Australian school-children don’t take long summer breaks. That’s an American peculiarity.”
I scrutinized his features as I jammed the plastic bag and bloomers back into my shoulder bag. Was it my imagination, or did he resemble Heath through the eyes and mouth? My notion was completely absurd, and yet—“Did your parents take a lot of pictures when you were a baby?”
“I beg your pardon?”
“Do you have an album with a lock of your hair, and a christening photo, and all the statistics people mark down for newborns? You know. Baby’s first year?”
“Is that a polite way of asking if I’m adopted?”
My heart pumped double time. “Are you?”
“No, I’m not adopted! And if I don’t have a baby album, it’s because parents in the forties didn’t bother with things like that, especially during wartime.”

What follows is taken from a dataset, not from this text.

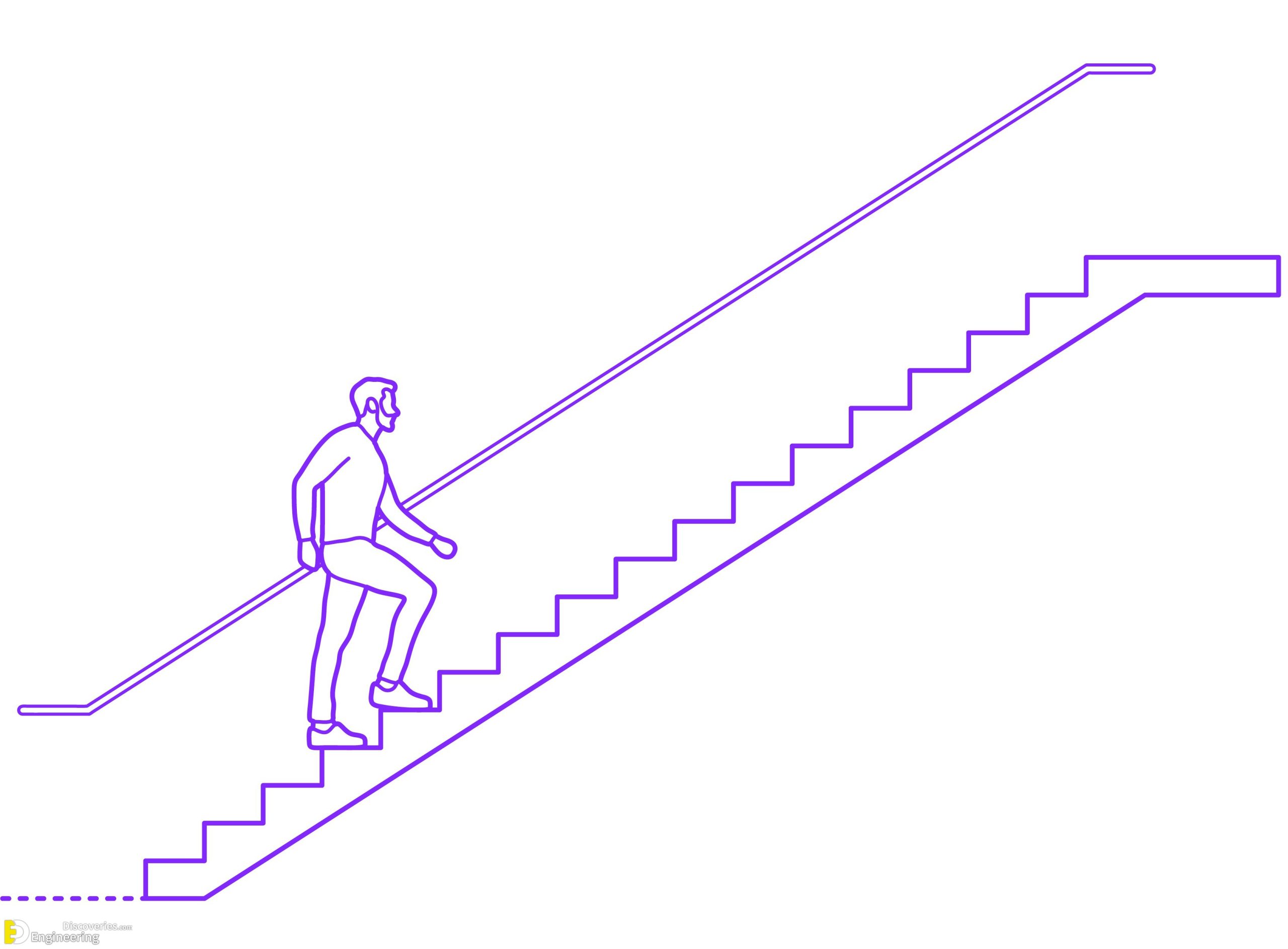 8-engineering-discoveries-from-spiral-to-floating-a-guide-to-different-types-of-stairs-scaled.jpg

“A lot of parents never told their children the truth.”
“Sorry, Emily, but you’re way out of line. If you’re trying to prove that Nora Acres and I had some connection because we have the same birthday, you’re going to end up looking very foolish.”
Spoken like a man without an ounce of female intuition. “Do you remember the photo Nora showed you in Port Campbell?”
“Vaguely. What I remember most was that it was about to disintegrate.”
“It showed Nora posing with her sister, Beverley, and their mother. The twins were in pinafores and had Shirley Temple banana curls.”
Guy lifted his brows. “And?”
“Okay, you might think I’m really grasping at straws, but what if the reason you never had a baby album was because your parents never saw you as a baby? What if Nora’s photo is actually a picture of her mother…and another child who was born in England on March 17, 1943?”
He struggled to keep a straight face even as laughter exploded from his chest. “You think the other child is me? Why would I be posing with Nora Acres? Better yet, do I look like a Beverley to you?”
“No! But you were born in England. The English have been known to stick their male offspring with girls’ names—Evelyn, Marian, Carol, Beverley.”
“Are they also guilty of dressing little boys in pinafores?”
“I’ve seen some of my grandmother’s family photos where you couldn’t distinguish the girls from the boys because they were all in dresses and pipe curls. People did that back then. Little boys didn’t get into trousers or have their hair cut until they went off to school.”
“And they all ended up in therapy.”
“Seriously, I think I’m onto something. The twins were placed in different orphanages during the war and never saw each other again, so the only link Nora had to her past was that photo. She assumed the other child in the photo was her sister, but what if it wasn’t? What if it was her brother? What if the children weren’t identical twins? What if they were fraternal twins?”
“I’m not adopted!”
“Oh, my God, Guy! You may have found a sister you never knew you had! Don’t you believe in serendipity?”
“I believe in good fortune happening by accident. I don’t believe in pipe dreams. Now, will you drop it?”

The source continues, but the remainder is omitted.